(Directions) Instruction for the entries that follow: retype exactly the lines from the line with "Additional content - 7" to the line with "Fotografía antigua: FOTOGRAFÍA", both included, and omit all others.

(Records for the task)
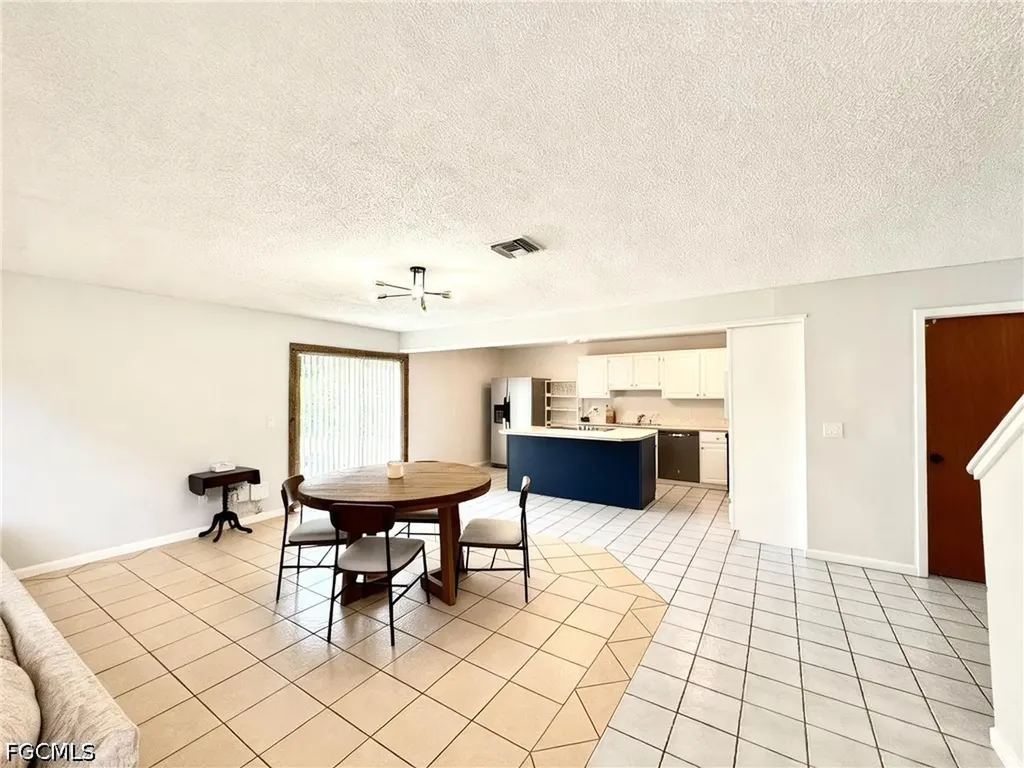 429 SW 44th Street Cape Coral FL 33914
---
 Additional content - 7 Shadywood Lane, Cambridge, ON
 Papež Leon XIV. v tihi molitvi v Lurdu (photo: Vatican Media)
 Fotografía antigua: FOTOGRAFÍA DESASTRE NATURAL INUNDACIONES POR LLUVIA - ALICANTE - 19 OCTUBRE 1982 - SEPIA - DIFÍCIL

(Result)
 Additional content - 7 Shadywood Lane, Cambridge, ON
 Papež Leon XIV. v tihi molitvi v Lurdu (photo: Vatican Media)
 Fotografía antigua: FOTOGRAFÍA DESASTRE NATURAL INUNDACIONES POR LLUVIA - ALICANTE - 19 OCTUBRE 1982 - SEPIA - DIFÍCIL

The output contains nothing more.